Items listed in a dataset
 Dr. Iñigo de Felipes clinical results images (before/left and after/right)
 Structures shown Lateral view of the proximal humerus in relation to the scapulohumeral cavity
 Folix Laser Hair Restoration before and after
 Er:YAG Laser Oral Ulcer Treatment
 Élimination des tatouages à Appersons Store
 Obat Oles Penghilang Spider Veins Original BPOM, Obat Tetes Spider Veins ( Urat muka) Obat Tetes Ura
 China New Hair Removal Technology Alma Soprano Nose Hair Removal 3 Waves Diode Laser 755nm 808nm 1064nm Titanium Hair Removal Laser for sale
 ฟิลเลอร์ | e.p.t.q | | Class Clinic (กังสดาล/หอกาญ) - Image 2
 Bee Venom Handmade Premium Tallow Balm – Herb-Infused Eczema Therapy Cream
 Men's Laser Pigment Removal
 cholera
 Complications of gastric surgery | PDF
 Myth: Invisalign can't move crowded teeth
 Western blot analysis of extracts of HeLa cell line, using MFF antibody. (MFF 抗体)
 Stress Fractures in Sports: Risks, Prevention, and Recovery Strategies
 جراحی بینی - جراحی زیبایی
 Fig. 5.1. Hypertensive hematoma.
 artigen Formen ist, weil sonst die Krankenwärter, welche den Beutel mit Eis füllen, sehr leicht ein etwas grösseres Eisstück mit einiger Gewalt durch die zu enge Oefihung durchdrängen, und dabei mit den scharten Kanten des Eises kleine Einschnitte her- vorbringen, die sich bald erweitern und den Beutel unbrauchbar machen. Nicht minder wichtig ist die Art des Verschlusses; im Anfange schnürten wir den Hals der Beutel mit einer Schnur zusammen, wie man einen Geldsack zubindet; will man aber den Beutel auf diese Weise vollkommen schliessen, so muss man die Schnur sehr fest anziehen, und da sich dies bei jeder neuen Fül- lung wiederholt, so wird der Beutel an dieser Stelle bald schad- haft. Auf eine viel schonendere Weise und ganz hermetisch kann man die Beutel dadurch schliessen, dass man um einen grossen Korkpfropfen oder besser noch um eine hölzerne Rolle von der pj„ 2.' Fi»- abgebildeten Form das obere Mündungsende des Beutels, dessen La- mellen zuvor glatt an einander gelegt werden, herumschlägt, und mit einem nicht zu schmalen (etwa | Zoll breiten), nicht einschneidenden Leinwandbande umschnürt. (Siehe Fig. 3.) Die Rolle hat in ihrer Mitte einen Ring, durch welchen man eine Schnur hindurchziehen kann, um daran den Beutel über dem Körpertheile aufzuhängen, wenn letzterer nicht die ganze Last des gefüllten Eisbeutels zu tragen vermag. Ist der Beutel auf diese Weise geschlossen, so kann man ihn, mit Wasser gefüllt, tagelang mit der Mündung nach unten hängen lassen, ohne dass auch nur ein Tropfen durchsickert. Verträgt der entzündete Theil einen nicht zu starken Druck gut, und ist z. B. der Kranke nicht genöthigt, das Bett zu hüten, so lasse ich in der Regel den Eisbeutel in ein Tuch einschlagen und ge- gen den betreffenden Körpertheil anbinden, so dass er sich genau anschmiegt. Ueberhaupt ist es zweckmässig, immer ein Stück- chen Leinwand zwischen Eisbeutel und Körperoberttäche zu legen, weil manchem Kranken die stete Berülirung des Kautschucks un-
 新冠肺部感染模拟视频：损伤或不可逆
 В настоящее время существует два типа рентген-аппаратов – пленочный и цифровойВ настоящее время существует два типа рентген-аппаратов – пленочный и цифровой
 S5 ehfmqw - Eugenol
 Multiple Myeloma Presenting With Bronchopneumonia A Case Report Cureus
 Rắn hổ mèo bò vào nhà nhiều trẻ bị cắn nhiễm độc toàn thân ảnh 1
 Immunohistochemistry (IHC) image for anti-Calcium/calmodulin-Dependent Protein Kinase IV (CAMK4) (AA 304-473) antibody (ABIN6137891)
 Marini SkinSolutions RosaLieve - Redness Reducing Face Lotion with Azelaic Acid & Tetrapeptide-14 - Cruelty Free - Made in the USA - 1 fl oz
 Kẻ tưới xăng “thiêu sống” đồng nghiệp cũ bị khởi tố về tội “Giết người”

● Aim of the task:
Where a line in the records above contains the word "before", copy that line.

● Expected answer:
 Dr. Iñigo de Felipes clinical results images (before/left and after/right)
 Folix Laser Hair Restoration before and after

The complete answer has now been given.